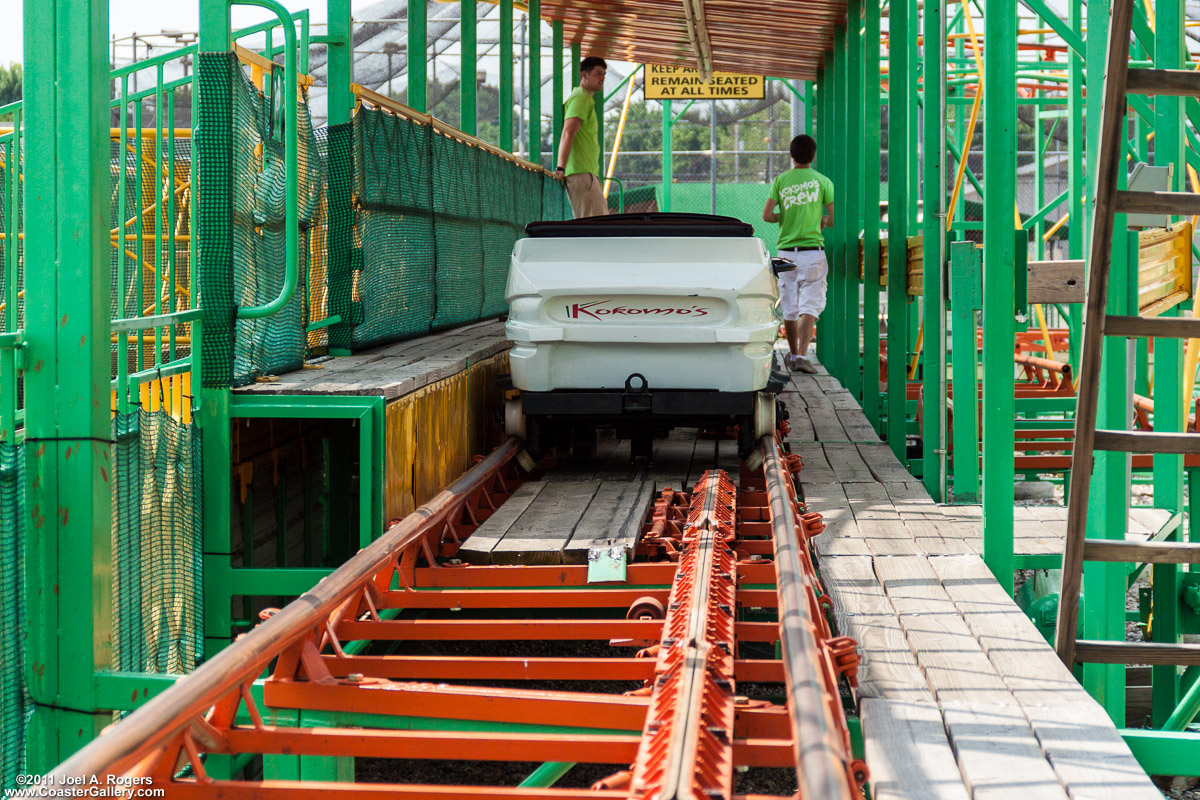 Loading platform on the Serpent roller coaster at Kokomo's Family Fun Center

····················

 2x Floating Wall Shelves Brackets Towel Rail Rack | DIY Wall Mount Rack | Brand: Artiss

····················

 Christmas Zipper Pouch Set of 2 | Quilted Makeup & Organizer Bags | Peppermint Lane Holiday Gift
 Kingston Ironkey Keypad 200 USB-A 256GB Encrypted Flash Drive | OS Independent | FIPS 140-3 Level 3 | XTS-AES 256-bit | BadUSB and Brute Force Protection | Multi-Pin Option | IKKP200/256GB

····················

(What you will do):
Return exactly, and only, the lines above starting at the line that contains "Christmas Zipper Pouch" and ending at the line that contains "Kingston Ironkey Keypad".

(Response to the exercise):
 Christmas Zipper Pouch Set of 2 | Quilted Makeup & Organizer Bags | Peppermint Lane Holiday Gift
 Kingston Ironkey Keypad 200 USB-A 256GB Encrypted Flash Drive | OS Independent | FIPS 140-3 Level 3 | XTS-AES 256-bit | BadUSB and Brute Force Protection | Multi-Pin Option | IKKP200/256GB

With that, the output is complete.